*EXERCISE DETAILS*. Omit the images. Restate all of the records word for word.

Short web captions
· · · · · · ·
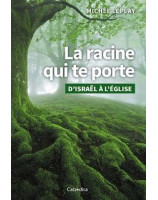 La racine qui te porte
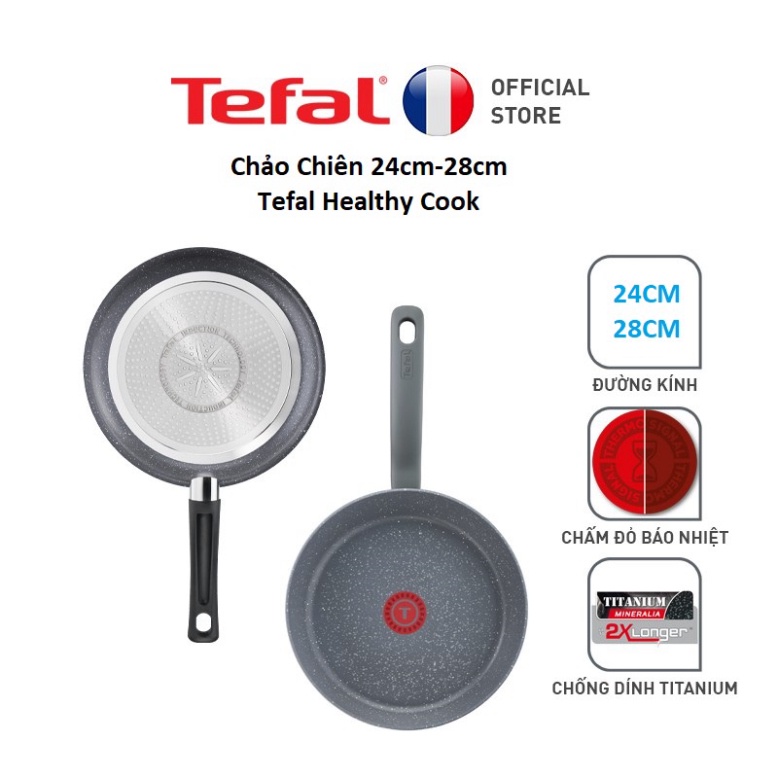 Chảo chiên chống dính Tefal Cook Healthy -Hàng Chính Hãng BH 2 Năm- Dùng cho mọi loại bếp - G1340495-G1340695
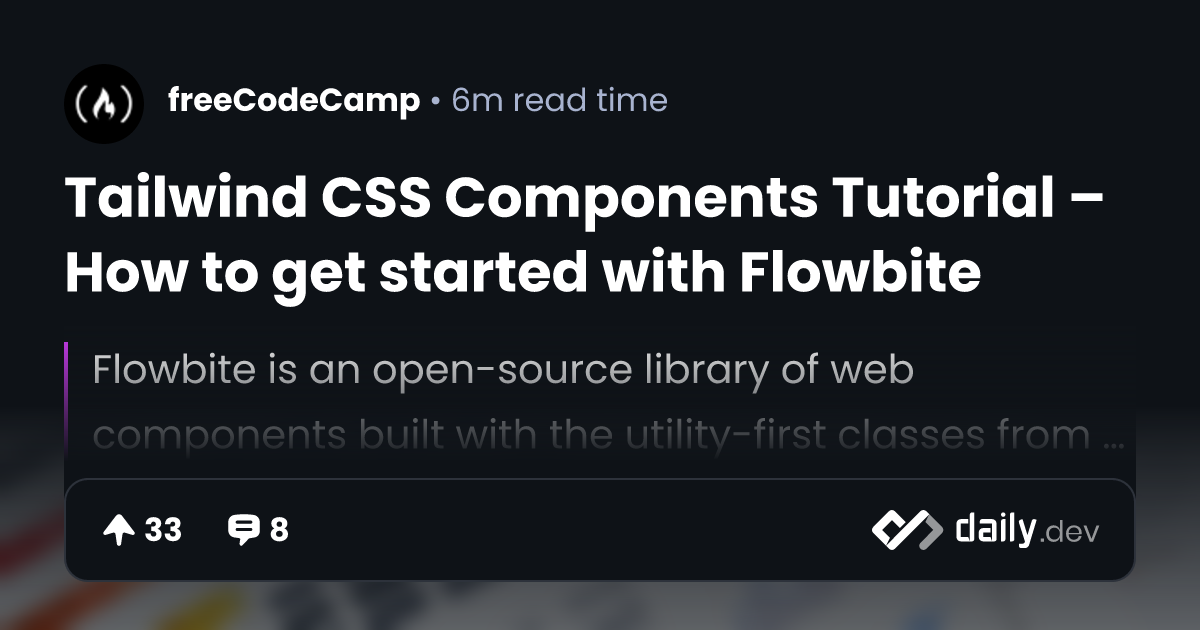 Tailwind CSS Components Tutorial – How to get started with Flowbite ...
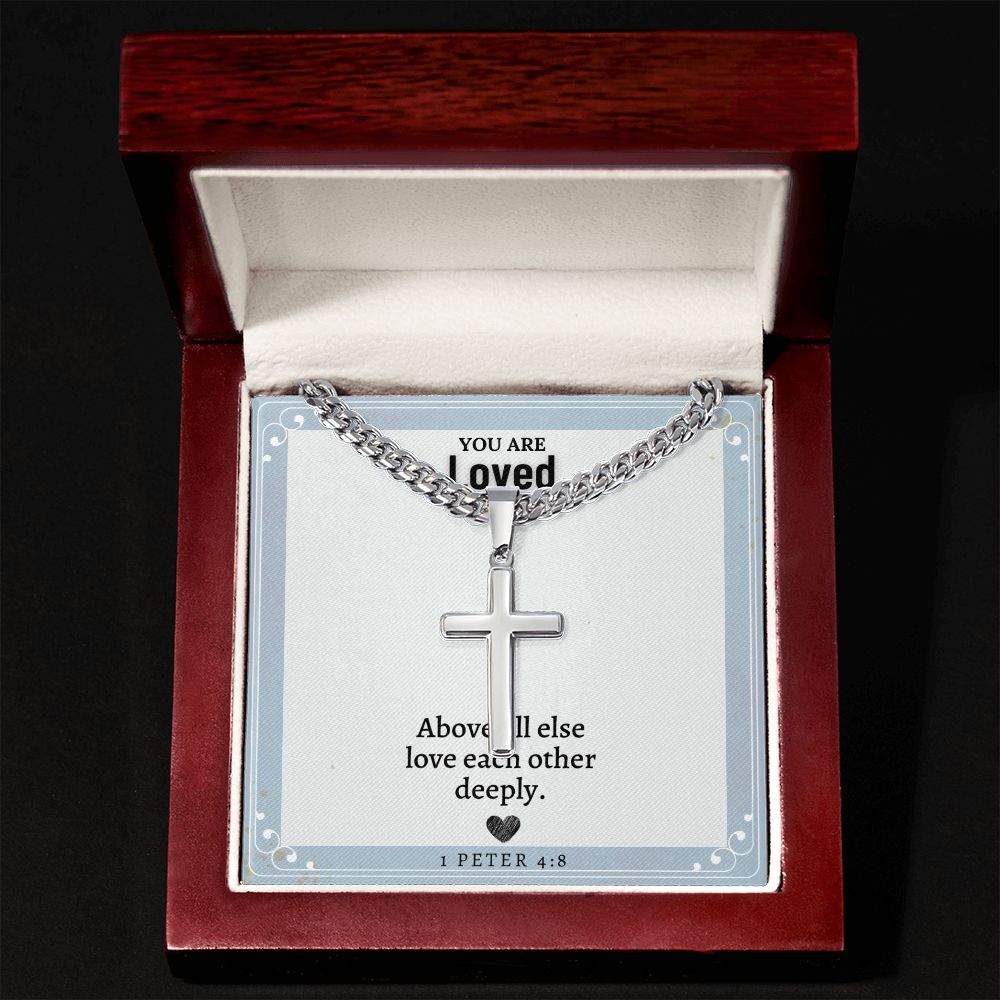 You are Loved | Above all else love each other deeply. 1 Peter 4:8 - Cuban Chain with Artisan Cross Necklace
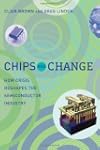 Chips and Change: How Crisis Reshapes...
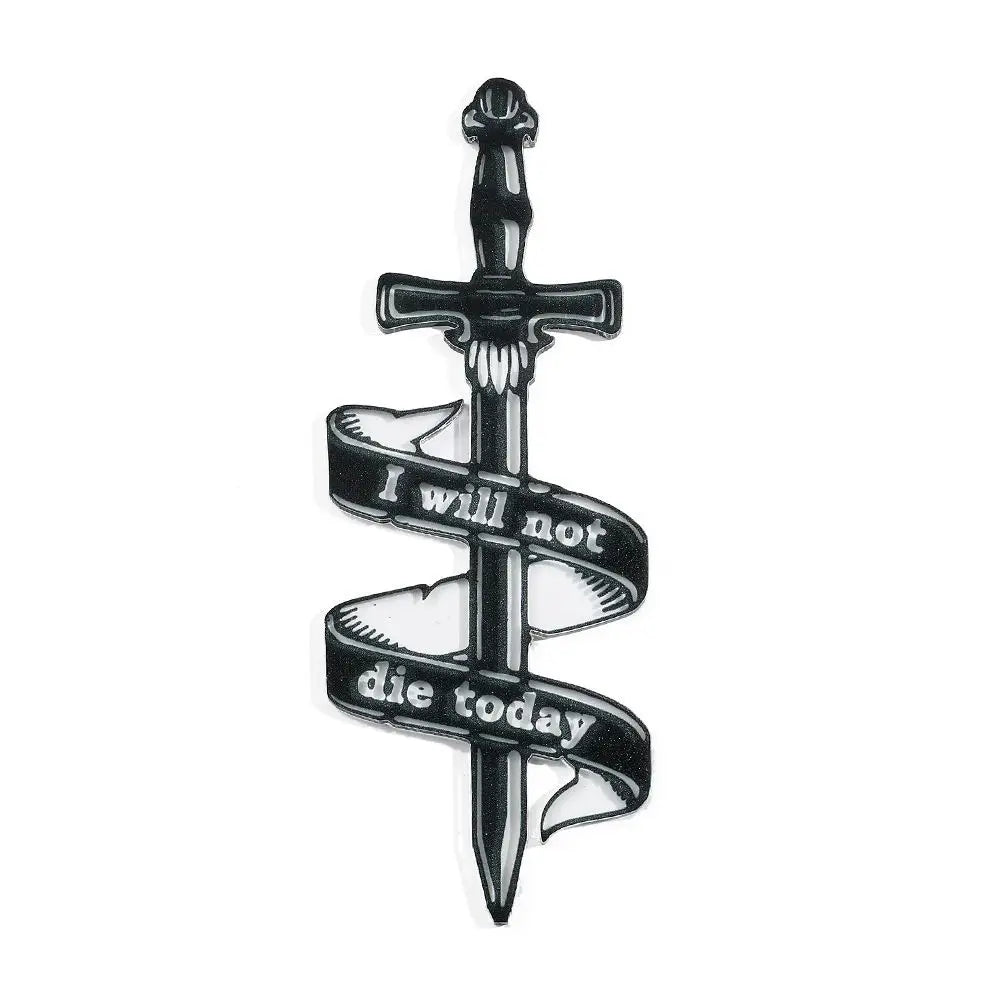 Sword with 'I will not die today' banner on a white background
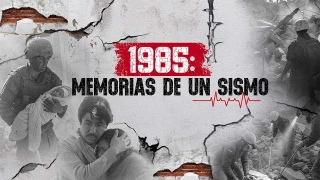 1985-memorias-sismo-programa-especial-40-aniversario-terremoto-mexico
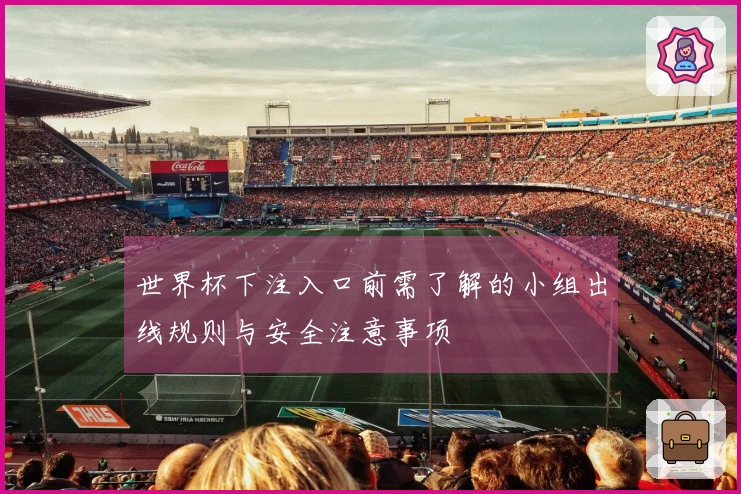 世界杯下注入口前需了解的小组出线规则与安全注意事项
· · · · · · ·
*RESPONSE TO THIS EXERCISE*.
 La racine qui te porte
 Chảo chiên chống dính Tefal Cook Healthy -Hàng Chính Hãng BH 2 Năm- Dùng cho mọi loại bếp - G1340495-G1340695
 Tailwind CSS Components Tutorial – How to get started with Flowbite ...
 You are Loved | Above all else love each other deeply. 1 Peter 4:8 - Cuban Chain with Artisan Cross Necklace
 Chips and Change: How Crisis Reshapes...
 Sword with 'I will not die today' banner on a white background
 1985-memorias-sismo-programa-especial-40-aniversario-terremoto-mexico
 世界杯下注入口前需了解的小组出线规则与安全注意事项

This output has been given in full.